◆ WHAT NEEDS TO BE DONE: When you reach the line that contains "Double Tilt Out" in the data below, copy it and every line after it exactly, adding nothing.

◆ THE DATA:
--------

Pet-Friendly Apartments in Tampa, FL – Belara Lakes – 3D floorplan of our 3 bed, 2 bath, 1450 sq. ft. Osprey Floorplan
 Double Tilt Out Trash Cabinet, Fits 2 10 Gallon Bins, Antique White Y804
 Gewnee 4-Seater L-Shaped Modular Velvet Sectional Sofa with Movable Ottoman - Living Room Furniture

--------

◆ SOLUTION TO THIS PROBLEM:
 Double Tilt Out Trash Cabinet, Fits 2 10 Gallon Bins, Antique White Y804
 Gewnee 4-Seater L-Shaped Modular Velvet Sectional Sofa with Movable Ottoman - Living Room Furniture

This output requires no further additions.